Fue el Sant Jordi más raro que se recuerda. Llovía. Dejaba de llover. Salía el sol. Volvía a irse. Llovía de nuevo. Hasta granizaba (dos veces). De repente, soplaba un viento del copón bendito que amenazaba con hacer volar los toldos aprobados por el ayuntamiento, que parece que no eran muy resistentes a las inclemencias del tiempo. Se mojaban los libros, causando a libreros y editores unas pérdidas que ahora habrá que compensar con dinero público. La súper isla libresca funcionaba más o menos, aunque el tráfico se resentía y, para controlarlo, los comunes habían echado mano no de la guardia urbana, sino de unos extraños auxiliares a los que se había provisto de un chaleco amarillo y de un silbato para que se las apañaran como pudieran con los coches en los semáforos (el del cruce de Valencia con el Paseo de Gracia, que es el que yo vi de camino a la parada de mi editora, era un espectáculo aterrador que no acababa con el atropello de los citados auxiliares de milagro). Los paseantes, a todo esto, parecían ajenos al descontrol, a los cambios climáticos y a la jornada mayormente desapacible: a los barceloneses, que somos de natural obediente y gregario, si nos dicen que hay que echarse a la calle a por un libro y una rosa, lo hacemos sin rechistar y con un entusiasmo aparente digno de encomio.

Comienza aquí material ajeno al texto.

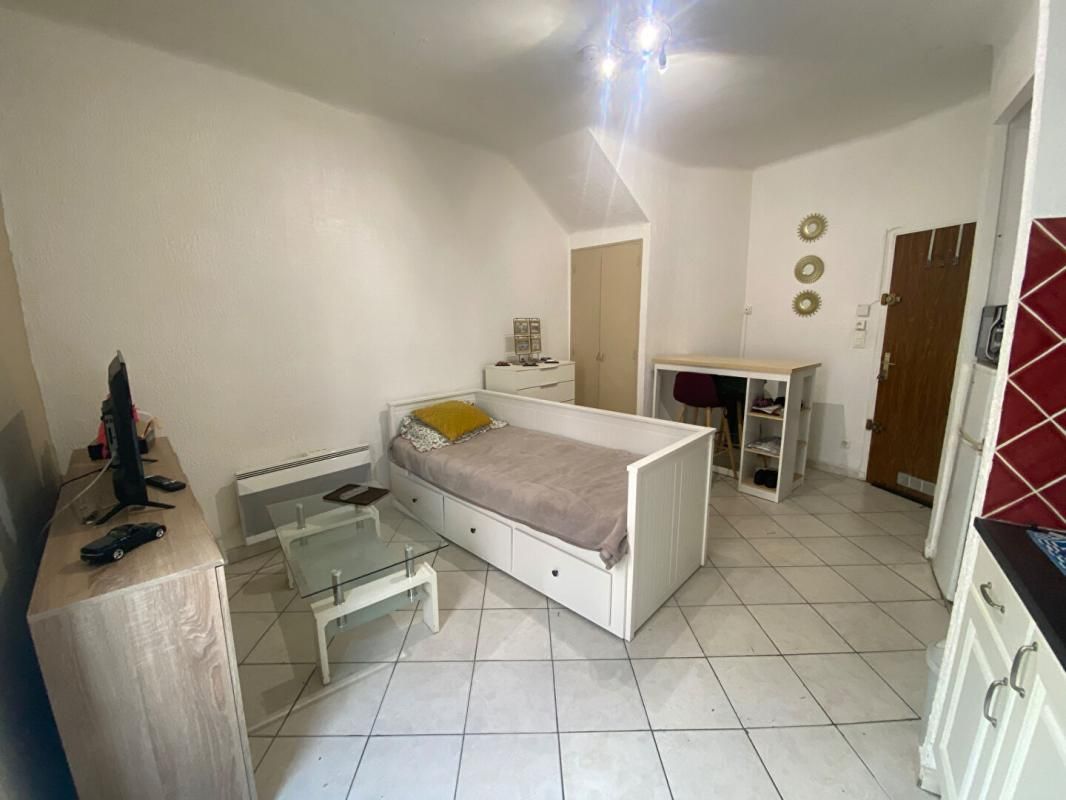 MARTIGUES En exclusivité : charmant studio à Martigues 3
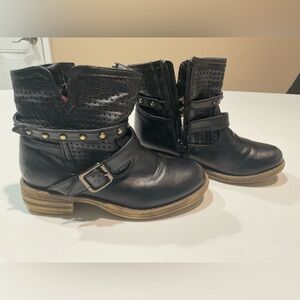 🏖️Skechers Girl’s Black Ankle Boots,Size 12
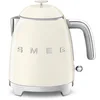 Image de Smeg, Petite Bouilloire Électrique KLF05CREU 0,8 L, Filtre Inox, Arrêt Automatique de Sécurité, Indicateur de Niveau d'Eau, Base Antidérapante et Range Cordon Intégré, Puissance 1400W, Crème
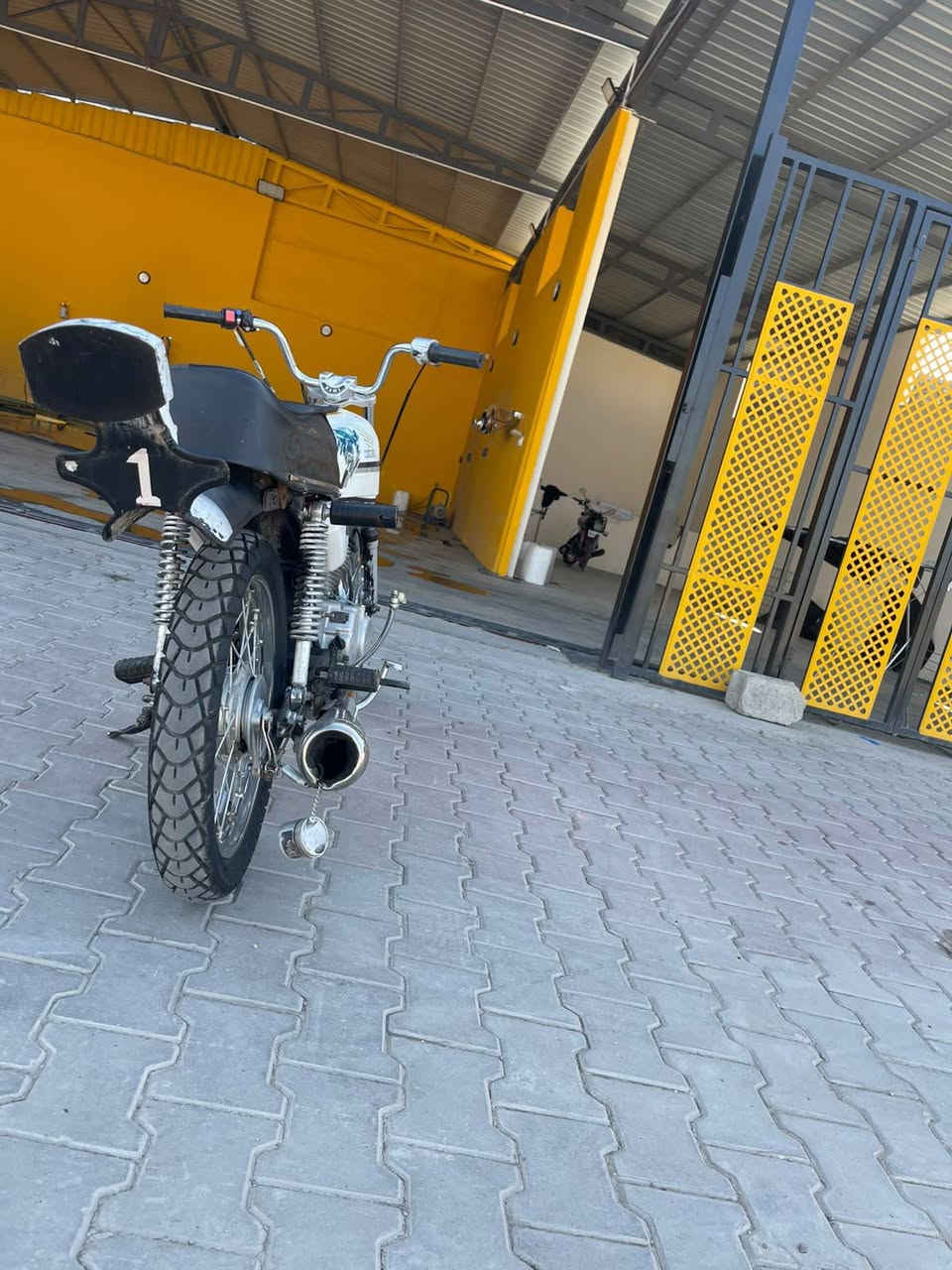 السلام عليكم نامة برو موديل ١٩حربية  محرك نضيف لا صوت ولا تبخير سعرهة ٣٨٠ وبيهة مجال مكاني ديالى بعقوبة بل مفرك وهاذ رقمي *********** لشراي يتصل
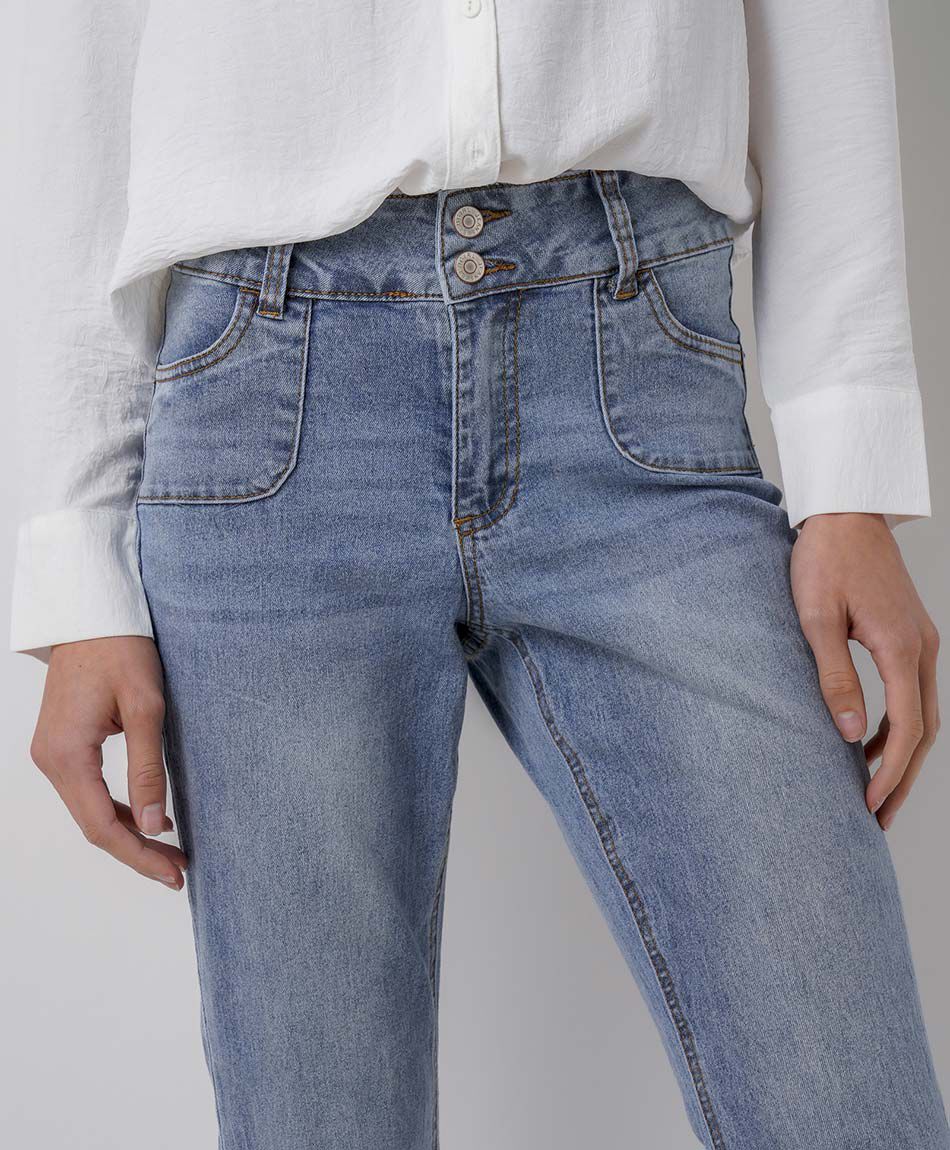 Jeans mujer flare bolsillos peque&ntilde;os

Reconozco que nunca me ha gustado el Día del Libro. No es por hacerme el listo, pero se me antoja una muestra de hipocresía colectiva muy notable. Suelo pasarlo fuera de Barcelona o encerrado en mi zulo del Eixample, pero este año tenía novedad y no podía hacerle el feo a mi editora de quedarme en casa, así que --tampoco sobreactué-- me presté a hacer como que firmaba libros durante una horita (afortunadamente, después de las granizadas). Los libros no se habían mojado, pero mi editora tuvo que agarrarse al toldo en varias ocasiones para evitar que saliera volando por culpa del vendaval. Yo diría que, entre los toldos voladores y los auxiliares tocando el pito, el ayuntamiento se lució, pero cuando ya no esperas nada de alguien, nada de su actitud te sorprende. Y, además, los comunes habían conseguido (casi) enternecerme con lo de esa cabina telefónica en Horta-Guinardó reciclada en centro de intercambio de libros, aunque mi alegría duró poco, pues la cabina en cuestión ha tardado exactamente cuatro días en ser vandalizada por una pandilla de bestias cuyos motivos no acabo de entender: si no te interesa la literatura gratis, con no acercarte por la cabina en cuestión, estás al cabo de la calle. ¿Es necesario tomarse la molestia de ir hasta ella y dejarla hecha unos zorros? ¿Es esa la actitud adecuada en una ciudad cuyos habitantes aman profundamente la literatura, aunque solo un día al año?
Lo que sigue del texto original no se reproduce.